→ **Material for the task**:
○ ○ ○

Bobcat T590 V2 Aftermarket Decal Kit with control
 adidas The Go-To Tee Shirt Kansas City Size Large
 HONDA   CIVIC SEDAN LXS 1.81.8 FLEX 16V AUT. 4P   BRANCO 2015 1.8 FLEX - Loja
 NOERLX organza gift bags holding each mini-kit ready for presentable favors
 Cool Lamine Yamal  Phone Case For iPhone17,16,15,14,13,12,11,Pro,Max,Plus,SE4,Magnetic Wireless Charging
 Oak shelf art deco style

○ ○ ○

→ **Brief**: Set down the line that contains "FLEX - Loja" exactly. Do the same for each later line of the data, through the end, and add nothing.

→ **Exercise answer**:
 HONDA   CIVIC SEDAN LXS 1.81.8 FLEX 16V AUT. 4P   BRANCO 2015 1.8 FLEX - Loja
 NOERLX organza gift bags holding each mini-kit ready for presentable favors
 Cool Lamine Yamal  Phone Case For iPhone17,16,15,14,13,12,11,Pro,Max,Plus,SE4,Magnetic Wireless Charging
 Oak shelf art deco style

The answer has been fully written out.